O zaman şöyle yorumlamak yahut tarif etmek gerek. Refah düzeyinin yüksekliği veya fakirlik, mutluluk derecesini belirlemiyor. Bir çoban veya bir mecnun değişik olaylarda mutlu olabiliyor, hiçbir mecnun kendinde olan değişikliği bilmiyor diye bir şey yok, hepsini bilmeye bilir fakat pek çok kimse yaşamında olan bazı değişiklikleri fark eder. Fazla alkol alan kimsenin devamlı başkasına hakaret etmesi sağa sola küfürler savurması mutluluğun neresine oturur bilemiyorum. Eğer sarhoş bir kimsenin etrafa küfürler ederek mutluluk arıyor olması da düşündürücü değil mi? İncelenmesi gerekir. Caddede gezen sokak köpeğini yaralamak, yahut öldürmek mutluluk olmasa gerek.
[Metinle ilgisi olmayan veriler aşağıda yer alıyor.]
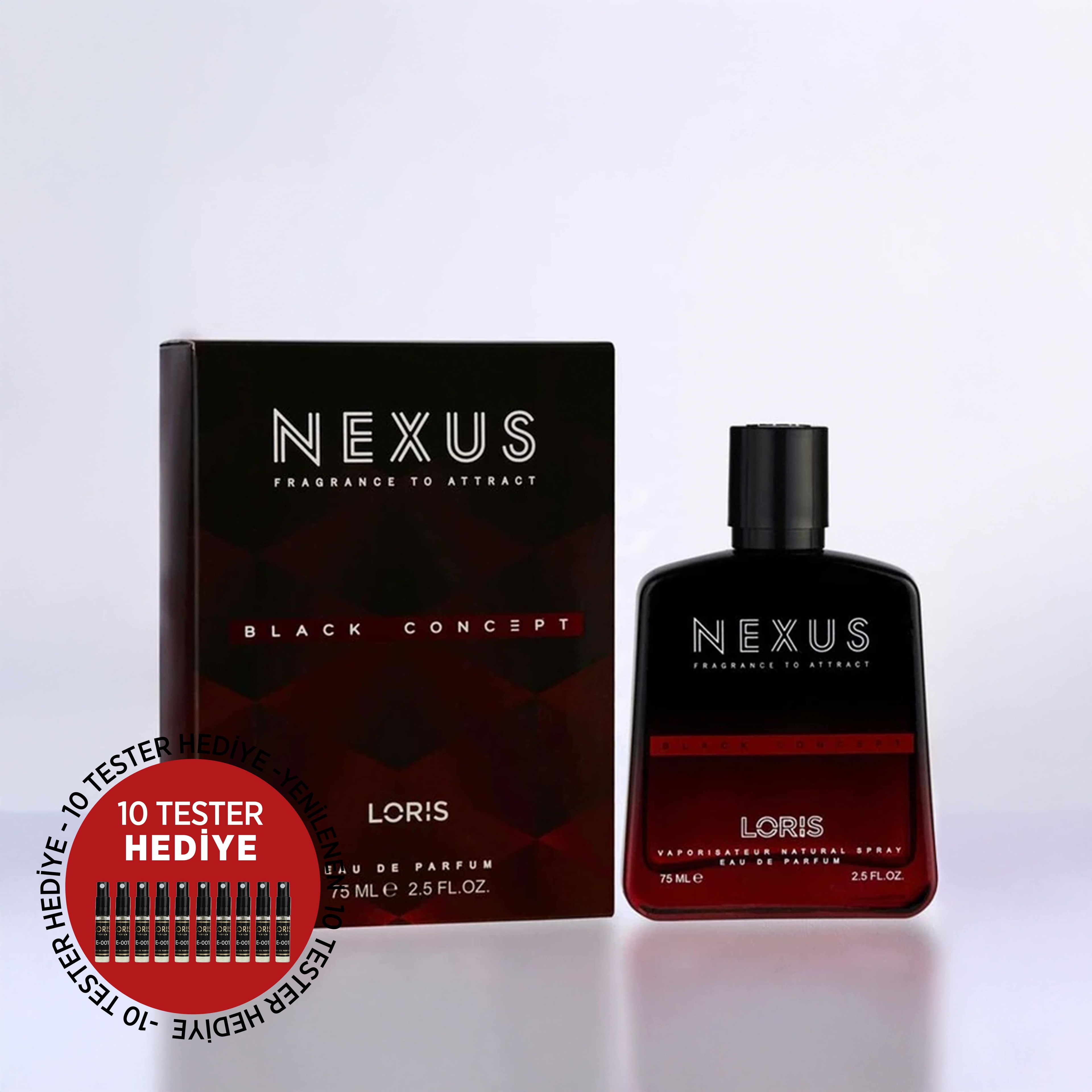 Loris Nexus Parfüm 75 ml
O zaman şöyle bir tarif veya tanımlama çıkıyor, yaşam sürecinde yaşanan olumlu ve olumsuz olaylar şahısların kendi çıkarları doğrultusunda değerlendirilir, menfaat sınırları içinde kalan olaylar şahısları mutlu eder, menfaat sınırlarından içeri giren her faaliyet insanı mutsuz eder.
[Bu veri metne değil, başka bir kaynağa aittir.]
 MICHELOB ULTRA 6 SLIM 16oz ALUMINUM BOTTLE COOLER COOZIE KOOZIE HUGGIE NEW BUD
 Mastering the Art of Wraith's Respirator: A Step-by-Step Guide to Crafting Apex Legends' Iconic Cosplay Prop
Problemlerin ortadan kaldırılması mümkün değil fakat çözümlenmemesi de mümkün değil. Herkes kendi özgürlük sınırlarını korurken başkalarını da gözetmesi gerektiğini de öğrenmeli, bilmeli ve başkalarının da fikir ve düşüncelerine saygı göstermeli.
Yaşam süresinde harcamalara dikkat etmeli, aylık yahut yıllık aile bütçelerini iyi ayarlamalı, gelirinden çok harcama yapılırsa yorganın ayakucunda soğuk girer yani yorganına göre ayağını uzatacaksın. Alın terinin tadıyla geçim ve yaşam endeksini iyi ayarlarsak mutluluğu her zaman yakalarız, yoksa büyük üreticilerin cicili bicili reklamlarına kanar, her yerden zırt pırt kartla alış veriş yaparsak, pencereyi açınca komşuya söyleyeceğimiz iki çift lafı cep telefonuyla iletmeye kalkarsak, evde hanımın lüzumsuz isteklerini de bunlara ekleyince, hele maaştan başkada bir gelirimiz yoksa o zaman mutluluğu ne biz görür yakalarız nede mutluluk bizi görür.
Mutluluğu da maddi varlığa bağlamamak gerekir. Çok zengin olan mutlu olmazken, sokaklarda yaşamını sürdüren bazı kişilerin gayet mutlu yaşam sürdürdüğünü görmek mümkün.